I saw a really good deal on bulk reloads there the other day. Don't know if they interest you, but they had good reviews. Sorry...that's the only place I know right off, but please let me know if you make a discovery.


----------



## armyguy (Nov 9, 2012)

slickguns.com 
check daily for deals that other shoppers have found and posted. usually with ways to add up coupons and such.


----------



## windsearcher (Nov 8, 2012)

+1 for slickguns.com ...... they get me to a lot of decent deals. I really probably need to stay away from that site.


----------



## PrepperThyAngus (Sep 30, 2012)

Also check out local gun shows. You can pay cash, deal with them on bulk purchasing, etc.


----------



## elliotriley (Nov 8, 2012)

I have found what I consider to be the best bulk ammo place on the net. I don't know if I should share it here, lol... but I will 

Check out ammoman.com. UPS prices are INCLUDED in the shipping price and they have everything! I was able to find 5.45 surplus ammo there when NOBODY else had it. Plus, the guy is easy to deal with. He answer's email quickly. Please though, keep this gouge on this site 

EDIT: I wanted to add that ammoman.com ONLY deals in bulk ammo. The price might seem the same as other sites, but when you consider that shipping is included in the price it is usual an excellent deal considering the weight of ammo.


----------



## HoJo (Nov 8, 2012)

Ammunition Online at Factory Direct Prices | Freedom Munitions | Handgun Ammo & Rifle Ammo
Give them a try. I have had zero failures with their 9mm and .223.


----------



## armyguy (Nov 9, 2012)

elliotriley said:


> I have found what I consider to be the best bulk ammo place on the net. I don't know if I should share it here, lol... but I will
> 
> Check out ammoman.com. UPS prices are INCLUDED in the shipping price and they have everything! I was able to find 5.45 surplus ammo there when NOBODY else had it. Plus, the guy is easy to deal with. He answer's email quickly. Please though, keep this gouge on this site
> 
> EDIT: I wanted to add that ammoman.com ONLY deals in bulk ammo.
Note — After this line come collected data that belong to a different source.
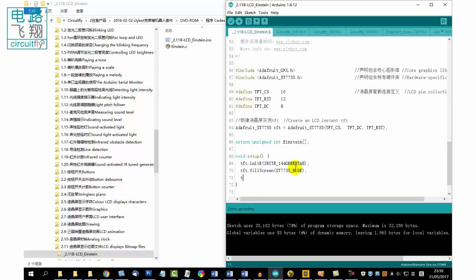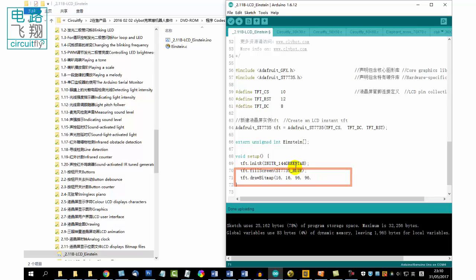Call the LCD function draw bitmap. Define the coordinates, the length and width. Pass the array to the function. The image is soon plotted on the LCD.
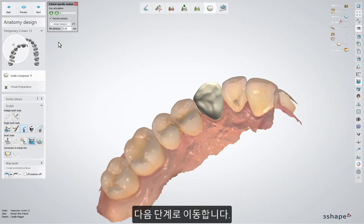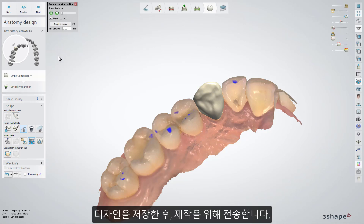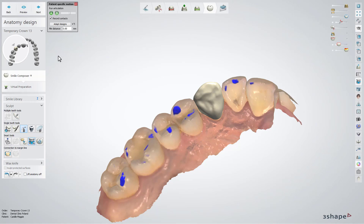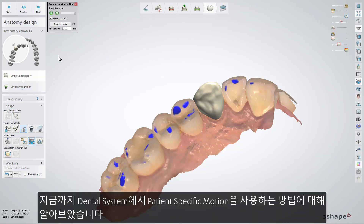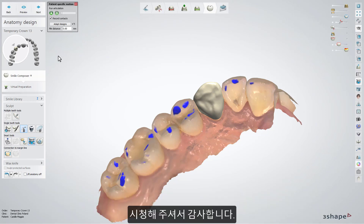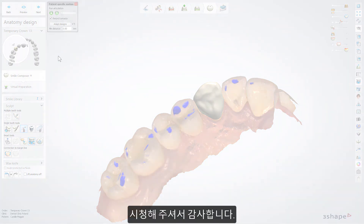Adapt the design to the registered contacts with minimum thickness accordingly by pressing the Adapt Design button. You can now proceed further: save the design and send it for manufacturing. You have now learned how to use the patient-specific motion in Dental System. We hope this was helpful and thank you for watching.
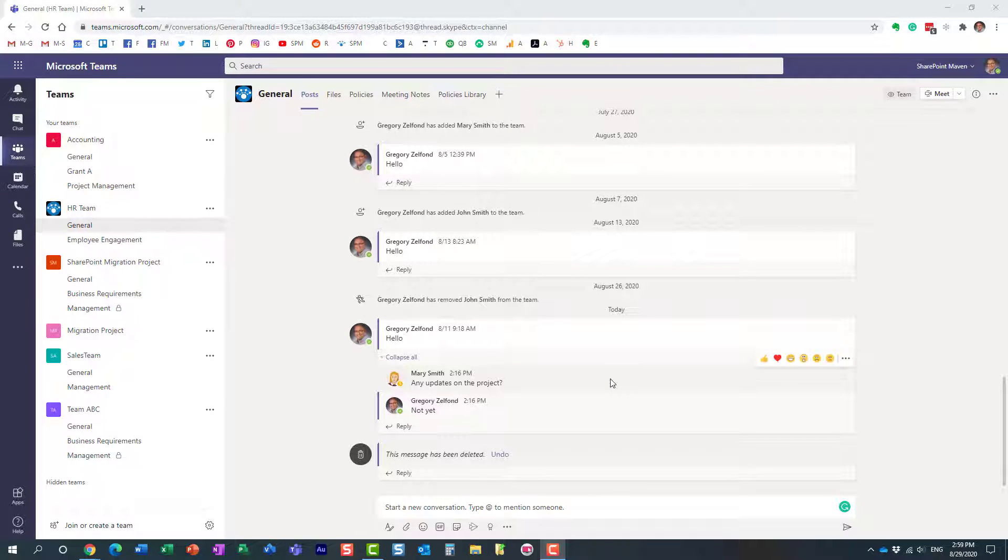Hello, this is Greg from SharePoint Maven, and in today's video, I would like to explain how you can send a Microsoft Teams conversation to an Outlook email. There are a number of reasons why you might want to do that.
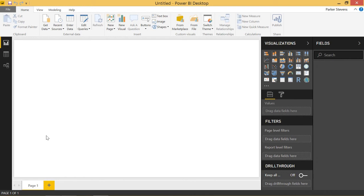Welcome back to another Power BI 3-minute tip. If you're liking these quick Power BI tutorials, make sure to hit the subscribe button and the bell for more content. In today's video, I'm going to take you through the Power BI web connector. The web connector has been around for a while, but it recently got a really big upgrade in the May 2018 update. I'm going to take you through the old from-web connector experience and the new one as well.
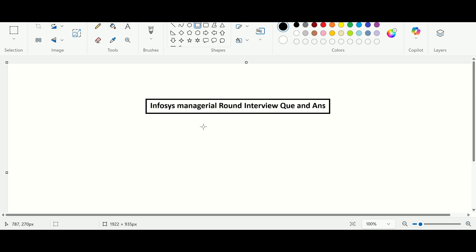Hello everyone, welcome back to our channel. In this video I'm going to discuss Infosys manager round interview questions and answers related to a DevOps engineer role. I have already cleared the Infosys interview and got the offer. Infosys manager round basically focuses on your thought process, and you have to show positive intent and a can-do approach — if you do, they will definitely select you.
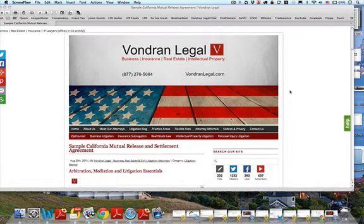Hi again, Attorney Steve Vondran, business and real estate lawyer. Welcome back to another exciting episode of Ask Attorney Steve.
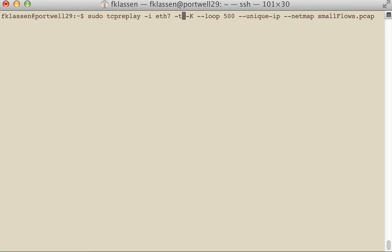As you recall from previous videos, the -T option sends packets as quickly as possible. If we don't specify that option, it will replay this file at the rate it was recorded on the network, which takes about five minutes to go through one loop iteration.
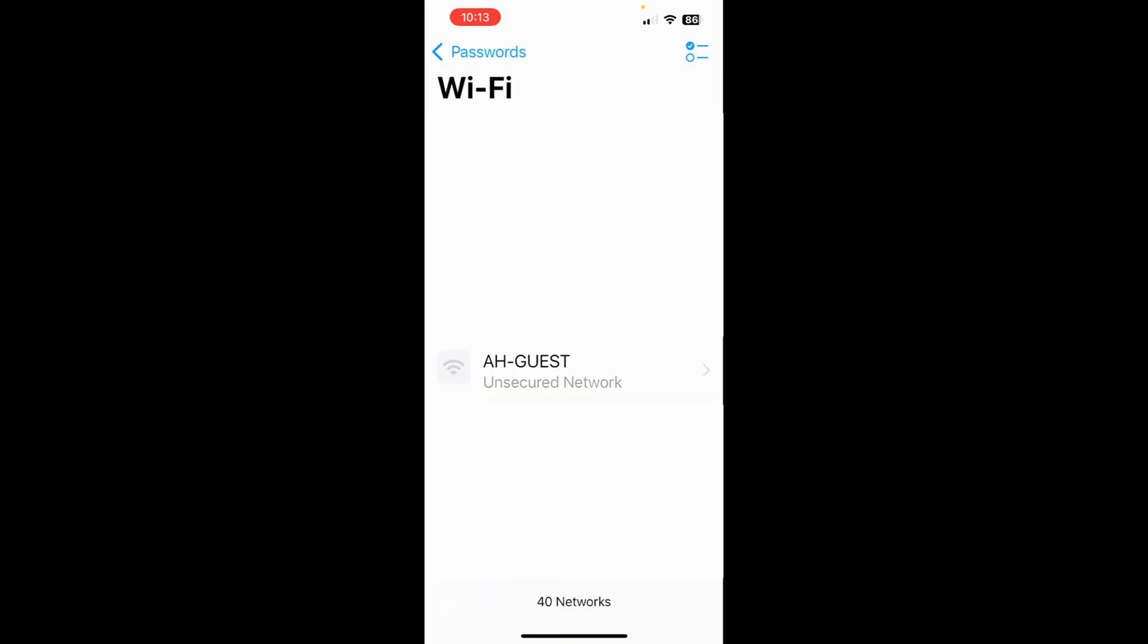I highly recommend that you get rid of ones that are unsecured, especially if you're not using them. In the top right, tap on that check mark and now I can go through and just tap on the ones that I want to get rid of. It'll basically forget that Wi-Fi network and help your phone be more secure.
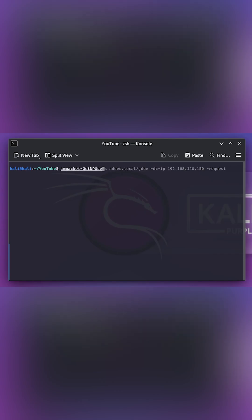Users, adsec.local, jdoe, dc, ip. And this is where you need to enter the IP address of your domain controller or the target domain controller. Let's just enter the IP address, which I already have visible.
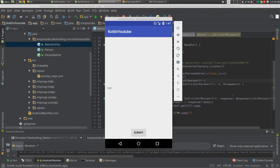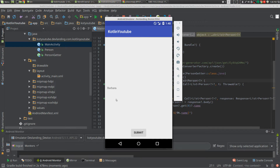Hey guys, so we're going to take the code that we are doing a network operation to get a list of people, and we're going to turn it into model view presenter. When we click the submit button, we're getting some JSON and we're getting all the names, we're printing them out and we're setting the text view to the first name, just Barbara.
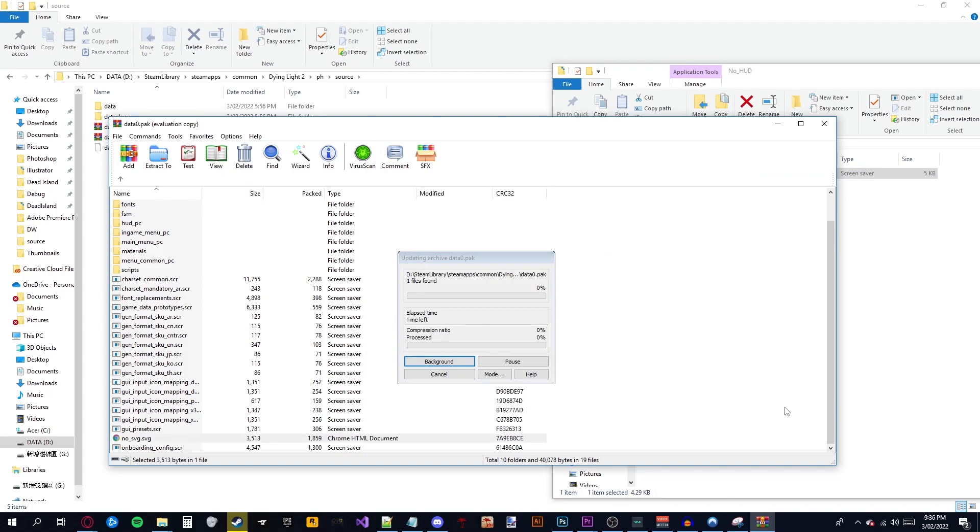To reverse the changes, simply delete the current hudconfig.scr and then drag over the normal one from the normal folder.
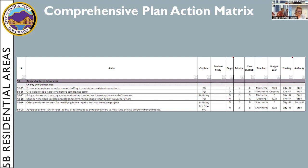On 5B, under residential areas, this has been consolidated a little bit, mostly focusing on quality of maintenance. Items 5B15 to 5B20 cover ensuring adequate code enforcement staffing to maintain consistent operations. I see budget year 2023 and that it's unfunded. I expect that the police department will be asking for an additional code enforcement person.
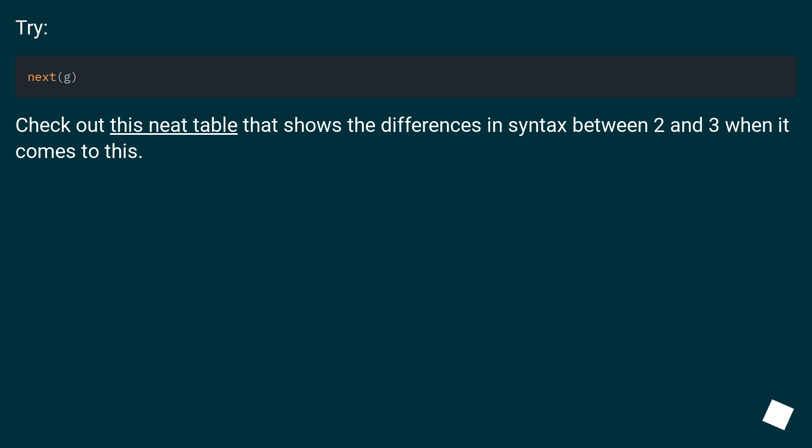Try: Check out this neat table that shows the differences in syntax between 2 and 3 when it comes to this.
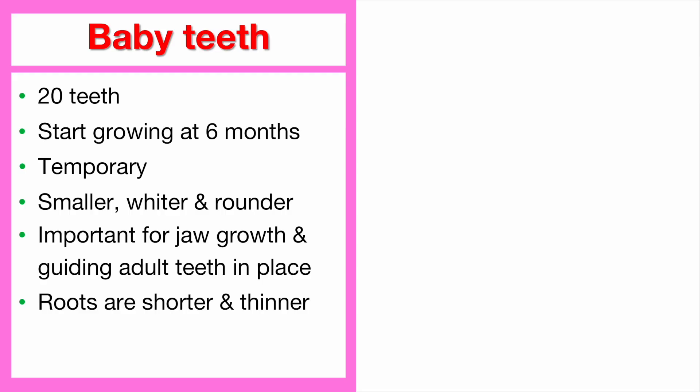Baby teeth roots are shorter and thinner. These roots shrink and dissolve when adult teeth start coming in. The enamel of baby teeth is thinner, which means they can get cavities faster.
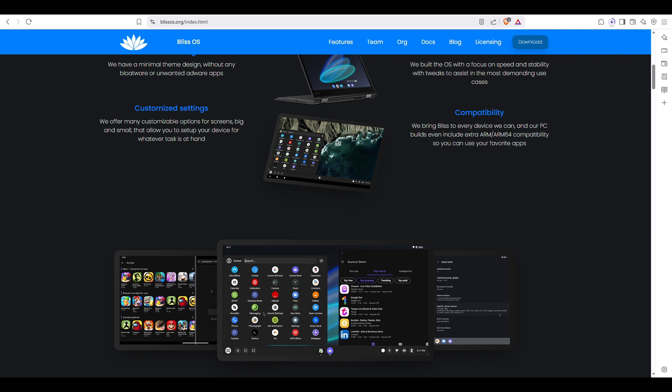Now that you know what Bliss OS is and what it can do, let's walk through how to install it on VMware Workstation. First step, before we start the installation we need two things: VMware Workstation. If you haven't installed it yet, I've already made a separate tutorial for that. You can find the link in the description.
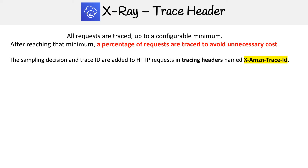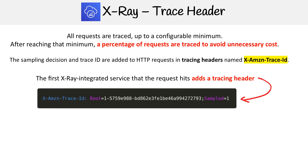The sampling decision and the trace ID are added to the HTTP requests in tracing headers named x-Amazon-trace-ID. The trace ID gets set when the first X-Ray integrated service that the request hits adds the tracing header.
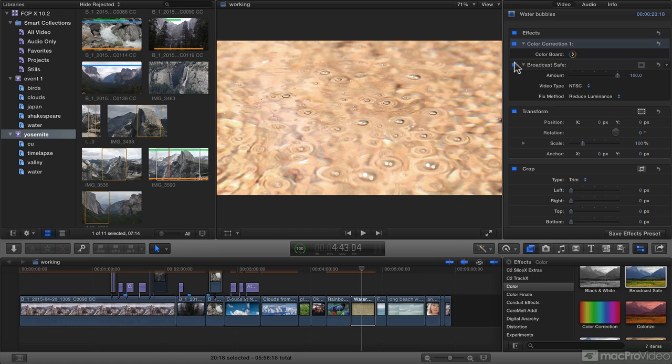There are also some new techniques to do with masking, and we'll look at those in the next couple of videos.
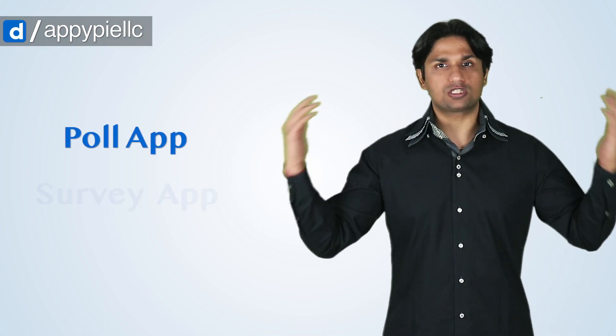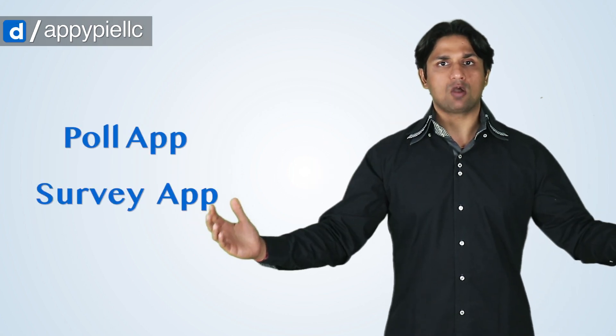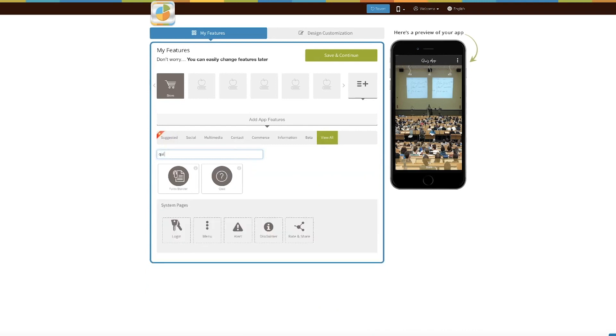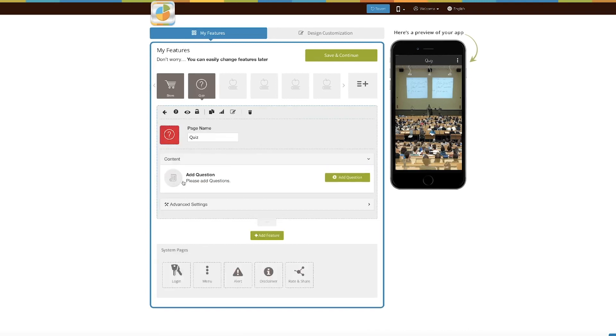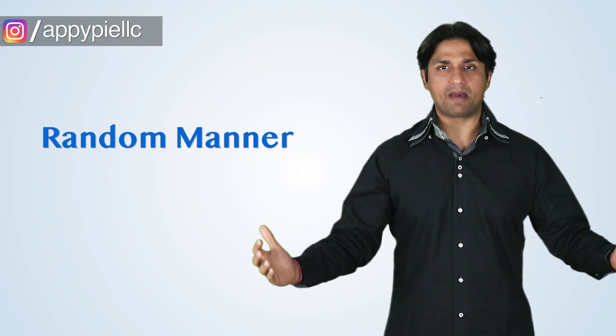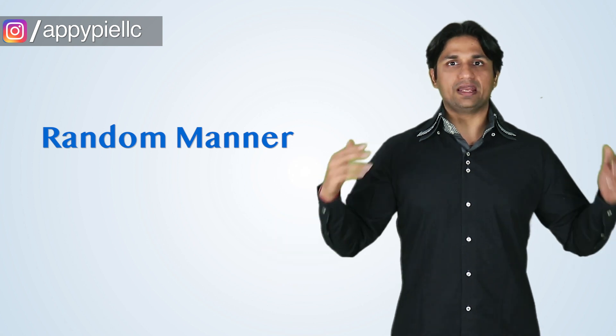Not only that, you can also leverage it to create a poll or a survey app. What you simply need to do is add the quiz feature into your app, and then you can start adding questions. Once you've added those questions, you can also decide if they need to come in a random manner or in a specific sequence.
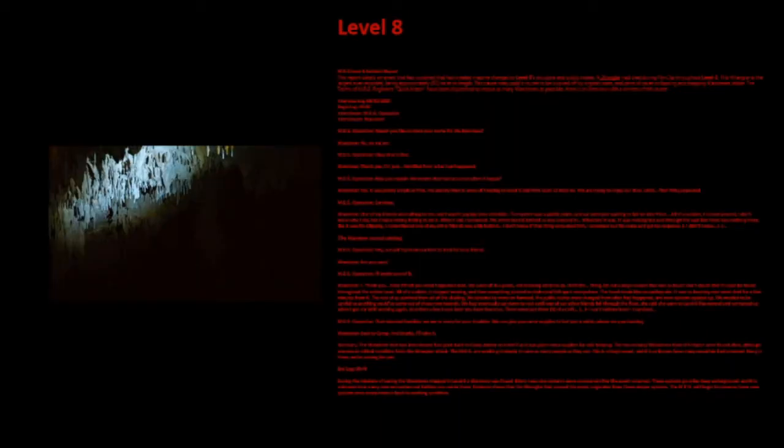Hide. MEG Level 8 Incident Report. This report details an event that had occurred that had created massive changes to Level 8's structure and public routes. A wrangler had died during no-clip throughout Level 8. This wrangler is the largest ever recorded, being approximately 90 miles in length. This caused many public routes to be blocked off by an organic mass, and parts of caves collapsing and trapping wanderers inside. The teams of MEG Regiment Quick Match have been dispatched to rescue as many wanderers as possible. Here's an interview with a witness of this event.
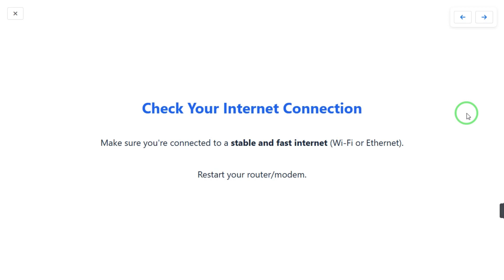If your internet connection is stable and fast but you still have the issue, just turn off your modem or router, wait for one or two minutes, then turn it back on and connect your smart TV to your internet connection.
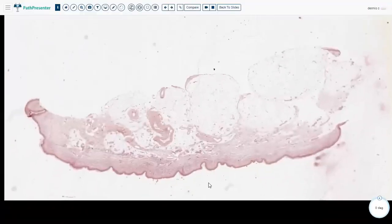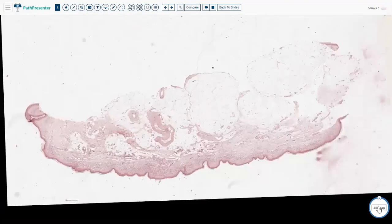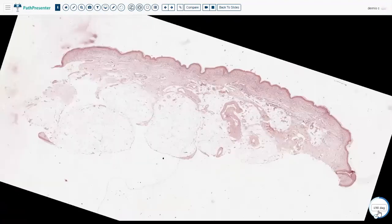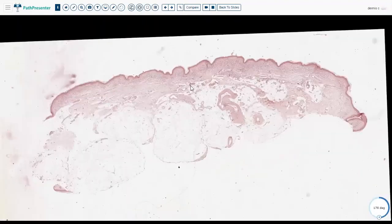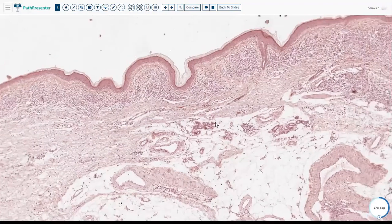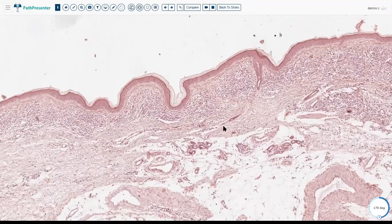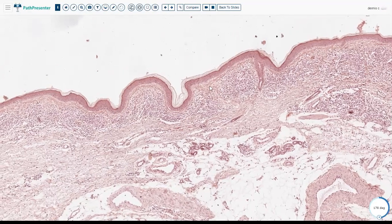Moving on to the opposite — a decrease in dermis. This is a case of chronic Lyme disease, where they get acral thinning. You can see very thin collagen compared to what we saw earlier.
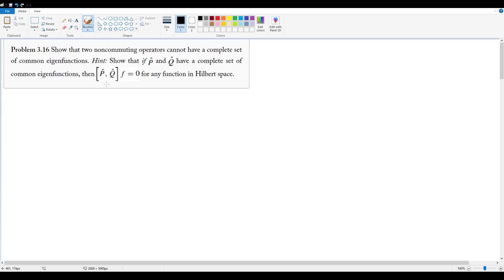So first off, let's define what exactly it means for something to be complete. Because in this case, our condition is that these two operators share a complete set of eigenfunctions. If a set is complete, what that tells us is that any arbitrary function f can be represented as an infinite sum of the members of that set.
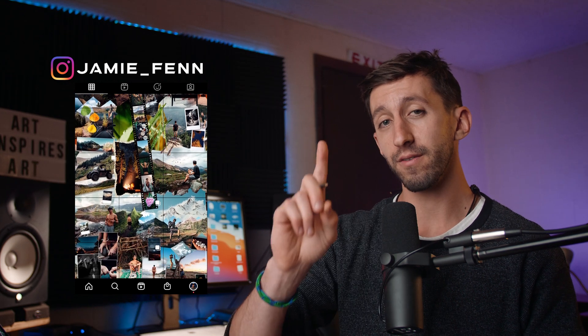Hey, what's going on everybody, Jamie Fenn here. In today's video I'm going to show you one trick for better color correction and color grading in DaVinci Resolve. Just one trick and it's pretty freaking sweet.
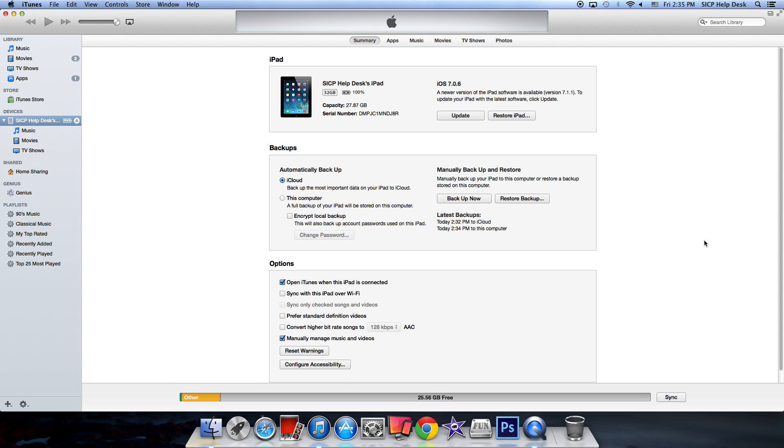These are the settings we recommend you take when setting up your iPad. If you have questions, feel free to contact the St. Ignatius Help Desk and we'd be more than happy to help you through your iPad setup. Once again, congratulations on your acceptance to St. Ignatius College Prep, and we can't wait to see you in the fall.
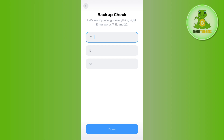This way you will be able to backup your Tone Keeper wallet recovery phrase. I would recommend you to keep this recovery phrase in a very safe place, because with the help of this recovery phrase only, you will be able to login into your Tone Keeper wallet or recover your Tone Keeper wallet.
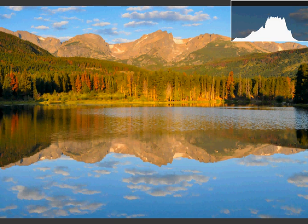Hi, this is Jared from Yellowwood Guiding, and this is the third video on using the histogram. We're going to talk about using your histogram in landscape photography, because it's often some of the most challenging you can get. You've got bright skies, you've got dark shadows, and we're going to use that histogram to make sure you get the right exposure.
The price might seem the same as other sites, but when you consider that shipping is included in the price it is usual an excellent deal considering the weight of ammo.


ammoman.com prices are expensive. really expensive. its 75 cents for lake city ammo. every where else you can buy for 34 cents.

Freedom munition are great they manufacture brand new ammo and also reload. prices will beat everyone.

For those who like branded ammo and deals. slickguns is the best place to go check out.


----------



## firemedic55 (Nov 12, 2012)

I have had great experience with SGAmmo.com and have friends that use Luckygunner.com


----------



## Hellbilly (Nov 7, 2012)

+1 for

http://www.freedommunitions.com/

500 rounds of. 45acp for under $150, they ship fast and ammo is good stuff


----------



## 71Chevrolet (Nov 19, 2012)

When buying ammo in bulk make sure to figure cost per round/ & or box. Sometimes you will end up paying less for basic fmj at wal mart by the box.


----------



## D80buckeye (Nov 17, 2012)

Go to gun-deals.com - User-Submitted Gun & Ammunition Deals and click on the Ammo Deals link. From there you can sort by caliber and CPR. Walmart typically has competitive prices to the online dealers in 9 & 40.


----------



## shotlady (Aug 30, 2012)

cabelas has 2100 rounds right now of .22 fedral bulk for 85 shipped


----------